I came away from the Berkshire Hathaway meeting generally reassured about its future as a sound investment.
The results will not be spectacular going forward. Berkshire is simply too big for that. However, the result are likely to be quite satisfactory. I think it is rational to assume (as Buffett himself believes) that Berkshire can still beat the S&P 500 over a complete business cycle, something few managers can do. Moreover, in Berkshire’s case you have a high probability of selecting the manager BEFORE you invest, a rarity.
Buffett has put together a collection of businesses that are not only highly profitable, but also remarkably immunized from creative destruction, which provides a margin of safety. It is not a stretch to assume that one hundred years from now BNSF will still be riding the rails, BH power will be providing energy in one form or another and BH insurance companies will be underwriting. This also is rare.
The key question that will drive Berkshire’s results going forward is whether Buffett or his successors will be able to intelligently put to work the enormous capital the company generates.
For now, Berkshire has shown that it still has this capacity to do this given the following options.
- Tuck-in acquisitions and organic growth, i.e. NFM Texas store
- Large cap-ex investments in rails and energy. Tens of billions can be put to work here over time at satisfactory returns, i.e. 11%-12%.
- Stakes in publicly traded companies
- An occasional whale (this may be aided by 3G Capital)
- “Special Deals” (such as those done with Goldman, GE, BOA, etc.) – Buffett thinks these will still be available after he is gone, based on Berkshire’s reputation and its ability to write a huge check.
- Something we are not thinking about. This may seem a bit of a stretch (and certainly not something to count on) but Buffett is an investing genius who has surprised many times in the past by coming up with new ways to deploy capital.

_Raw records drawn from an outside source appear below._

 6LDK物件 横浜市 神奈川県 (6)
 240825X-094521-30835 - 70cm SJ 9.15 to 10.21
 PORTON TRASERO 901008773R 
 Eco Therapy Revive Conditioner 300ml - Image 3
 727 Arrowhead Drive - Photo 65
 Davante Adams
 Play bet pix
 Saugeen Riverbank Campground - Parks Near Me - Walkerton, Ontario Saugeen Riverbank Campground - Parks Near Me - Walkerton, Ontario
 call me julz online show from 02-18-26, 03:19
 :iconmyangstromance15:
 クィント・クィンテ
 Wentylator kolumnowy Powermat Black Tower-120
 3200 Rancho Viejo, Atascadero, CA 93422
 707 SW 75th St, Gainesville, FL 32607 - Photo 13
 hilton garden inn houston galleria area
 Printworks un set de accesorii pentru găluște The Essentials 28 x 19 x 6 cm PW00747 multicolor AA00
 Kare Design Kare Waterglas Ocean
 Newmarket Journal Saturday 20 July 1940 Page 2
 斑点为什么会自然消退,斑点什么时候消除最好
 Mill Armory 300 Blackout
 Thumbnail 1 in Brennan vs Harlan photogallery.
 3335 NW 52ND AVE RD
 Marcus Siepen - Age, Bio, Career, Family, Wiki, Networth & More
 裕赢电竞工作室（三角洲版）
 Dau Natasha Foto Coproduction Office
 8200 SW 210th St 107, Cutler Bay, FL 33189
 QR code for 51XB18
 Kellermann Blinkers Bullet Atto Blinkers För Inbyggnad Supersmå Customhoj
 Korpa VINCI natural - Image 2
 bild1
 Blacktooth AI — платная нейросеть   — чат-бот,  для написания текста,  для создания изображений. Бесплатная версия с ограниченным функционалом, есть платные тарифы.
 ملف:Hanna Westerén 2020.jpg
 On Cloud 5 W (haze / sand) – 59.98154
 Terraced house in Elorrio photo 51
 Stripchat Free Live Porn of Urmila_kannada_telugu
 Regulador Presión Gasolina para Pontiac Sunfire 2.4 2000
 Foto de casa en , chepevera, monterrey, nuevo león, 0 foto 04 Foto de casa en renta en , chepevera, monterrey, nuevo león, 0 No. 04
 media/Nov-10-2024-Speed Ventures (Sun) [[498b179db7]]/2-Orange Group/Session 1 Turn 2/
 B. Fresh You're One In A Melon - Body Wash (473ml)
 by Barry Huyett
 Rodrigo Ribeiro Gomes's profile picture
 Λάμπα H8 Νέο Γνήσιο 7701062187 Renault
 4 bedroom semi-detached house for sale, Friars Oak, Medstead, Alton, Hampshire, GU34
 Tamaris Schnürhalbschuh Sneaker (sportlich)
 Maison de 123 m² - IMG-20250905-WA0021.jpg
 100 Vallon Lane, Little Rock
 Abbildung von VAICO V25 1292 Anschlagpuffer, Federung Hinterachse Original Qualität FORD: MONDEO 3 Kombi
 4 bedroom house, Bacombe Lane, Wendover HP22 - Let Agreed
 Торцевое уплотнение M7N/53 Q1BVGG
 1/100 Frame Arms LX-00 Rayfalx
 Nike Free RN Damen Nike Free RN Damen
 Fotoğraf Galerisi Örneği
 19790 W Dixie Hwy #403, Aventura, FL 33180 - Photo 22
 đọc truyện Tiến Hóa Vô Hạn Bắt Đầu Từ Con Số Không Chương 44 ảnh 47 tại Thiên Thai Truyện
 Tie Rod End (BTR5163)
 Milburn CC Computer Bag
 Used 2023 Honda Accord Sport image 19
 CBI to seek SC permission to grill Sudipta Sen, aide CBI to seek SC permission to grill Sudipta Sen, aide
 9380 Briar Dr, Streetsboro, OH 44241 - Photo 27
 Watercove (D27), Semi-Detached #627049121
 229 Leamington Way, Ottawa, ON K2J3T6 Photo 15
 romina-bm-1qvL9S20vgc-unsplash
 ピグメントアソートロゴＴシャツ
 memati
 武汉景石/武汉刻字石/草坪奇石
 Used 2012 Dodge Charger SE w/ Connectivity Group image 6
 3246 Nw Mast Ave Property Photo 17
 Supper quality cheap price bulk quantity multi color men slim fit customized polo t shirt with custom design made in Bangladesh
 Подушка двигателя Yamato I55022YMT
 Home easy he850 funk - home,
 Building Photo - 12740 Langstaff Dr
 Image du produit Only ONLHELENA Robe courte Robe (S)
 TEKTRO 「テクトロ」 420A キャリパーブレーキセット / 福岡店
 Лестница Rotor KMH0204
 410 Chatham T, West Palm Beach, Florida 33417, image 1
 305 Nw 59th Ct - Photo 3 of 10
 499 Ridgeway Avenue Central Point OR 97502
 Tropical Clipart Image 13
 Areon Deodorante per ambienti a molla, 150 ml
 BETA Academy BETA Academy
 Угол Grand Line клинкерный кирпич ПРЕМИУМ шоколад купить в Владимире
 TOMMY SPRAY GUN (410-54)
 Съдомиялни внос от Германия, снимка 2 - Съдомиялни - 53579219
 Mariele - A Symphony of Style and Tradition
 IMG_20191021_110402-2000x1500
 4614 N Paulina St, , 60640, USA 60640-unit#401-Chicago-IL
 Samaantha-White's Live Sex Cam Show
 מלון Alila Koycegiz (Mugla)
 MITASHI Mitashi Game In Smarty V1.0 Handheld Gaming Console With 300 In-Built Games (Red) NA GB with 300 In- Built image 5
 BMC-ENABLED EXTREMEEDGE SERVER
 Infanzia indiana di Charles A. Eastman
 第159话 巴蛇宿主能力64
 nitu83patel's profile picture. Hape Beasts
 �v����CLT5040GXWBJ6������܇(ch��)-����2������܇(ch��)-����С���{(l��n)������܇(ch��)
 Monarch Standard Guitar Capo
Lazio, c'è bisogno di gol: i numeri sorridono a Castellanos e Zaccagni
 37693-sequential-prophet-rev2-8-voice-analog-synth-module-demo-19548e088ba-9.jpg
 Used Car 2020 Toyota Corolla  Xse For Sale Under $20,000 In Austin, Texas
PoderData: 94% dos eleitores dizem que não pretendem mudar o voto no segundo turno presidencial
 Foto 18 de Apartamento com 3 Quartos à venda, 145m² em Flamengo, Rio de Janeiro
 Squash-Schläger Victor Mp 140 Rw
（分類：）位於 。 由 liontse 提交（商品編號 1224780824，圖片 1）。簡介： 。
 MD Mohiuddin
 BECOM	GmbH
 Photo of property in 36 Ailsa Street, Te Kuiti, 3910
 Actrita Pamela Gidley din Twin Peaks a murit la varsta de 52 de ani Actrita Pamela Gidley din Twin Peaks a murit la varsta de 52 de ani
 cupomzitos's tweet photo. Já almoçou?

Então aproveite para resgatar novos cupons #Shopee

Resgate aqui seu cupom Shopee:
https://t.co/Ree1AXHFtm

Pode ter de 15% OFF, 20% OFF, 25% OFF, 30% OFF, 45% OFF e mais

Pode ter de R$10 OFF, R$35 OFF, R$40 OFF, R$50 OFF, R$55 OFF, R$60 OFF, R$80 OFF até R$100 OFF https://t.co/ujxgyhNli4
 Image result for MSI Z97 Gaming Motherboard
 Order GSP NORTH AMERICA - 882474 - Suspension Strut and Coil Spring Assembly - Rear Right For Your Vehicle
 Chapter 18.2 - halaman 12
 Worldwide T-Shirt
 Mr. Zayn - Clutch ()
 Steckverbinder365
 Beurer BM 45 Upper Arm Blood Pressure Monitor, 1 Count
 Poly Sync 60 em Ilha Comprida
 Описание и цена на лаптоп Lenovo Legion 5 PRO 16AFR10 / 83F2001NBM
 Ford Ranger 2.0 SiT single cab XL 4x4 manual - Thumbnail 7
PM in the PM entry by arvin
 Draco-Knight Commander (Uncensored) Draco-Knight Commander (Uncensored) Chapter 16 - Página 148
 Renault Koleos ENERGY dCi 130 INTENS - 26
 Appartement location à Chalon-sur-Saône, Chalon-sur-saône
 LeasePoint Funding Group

Another positive is that Berkshire is one the few companies that will have both the firepower – cash, operating profits, borrowing capacity, liquid securities – and investing philosophy to exploit Mr. Market when he goes into a future depressed state. Moreover, confidence is growing that Todd Combs and Ted Weschler are skilled investors who could have a long and successful run ahead of them at Berkshire.